The statistics don't lie. Vocations dropped off radically under the pontificate of Pope Paul VI during the early to middle 1970s, while it was John Paul II who slowly brought vocations back and Benedict XVI continues that work today. Sexual abuse of minors by priests skyrocketed during the 1960s (under Pope John XXIII) through 1970s (under Pope Paul VI), only to be curbed and reduced radically during the 1980s and 1990s under John Paul II and Cardinal Joseph Ratzinger. (Sorry to you anti-Catholics out there, but that's just the facts.) Yes, Pope John Paul II was slow to react on some things, making some bad choices here and there. But the statistical evidence tells the whole story. Anyone with half a brain can see what he was trying to do, and looking back on it now in hindsight, it becomes clear the Holy Father was trying to stop the spiritual tsunami already inundating the Church from washing her completely away.
Under John Paul II we saw the beginnings of liturgical reform. He gave not one, but two motu proprios, calling for the return of the Traditional Latin Mass upon request by the faithful. In 1988, after the fiasco surrounding the SSPX, the Holy Father created the Priestly Fraternity of Saint Peter (FSSP) which is exclusively dedicated to the celebration and promotion of the Traditional Latin Mass.

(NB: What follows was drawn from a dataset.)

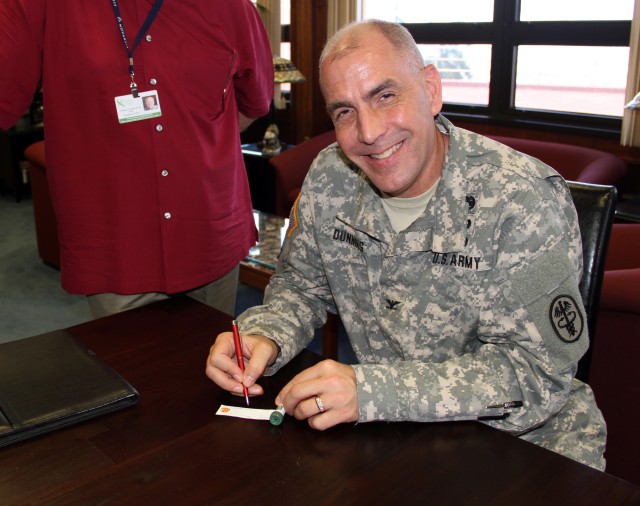 Col. David Dunning participates in the nation-wide Hospital CEO Rose Dedication in honor of organ donors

Pope John Paul II frequently celebrated the Novus Ordo mass in Latin as well, and usually in the most traditional way, especially within St. Peter's Basilica. He created the Anglican Use Pastoral Provision, which made way for the restoration of traditional English worship according to traditional forms.
Furthermore, it was John Paul II who ordered the new English translation of the Novus Ordo mass, which after nearly two decades is finally about to be implemented this year. Granted, Pope John Paul II was no hawk on liturgical reform, not in the same caliber as Pope Benedict XVI, but he was mindful of it and did work in the same direction as his successor Truthfully, much of what Pope Benedict XVI has done during his pontificate is simply build upon the simple foundation already laid by Pope John Paul II.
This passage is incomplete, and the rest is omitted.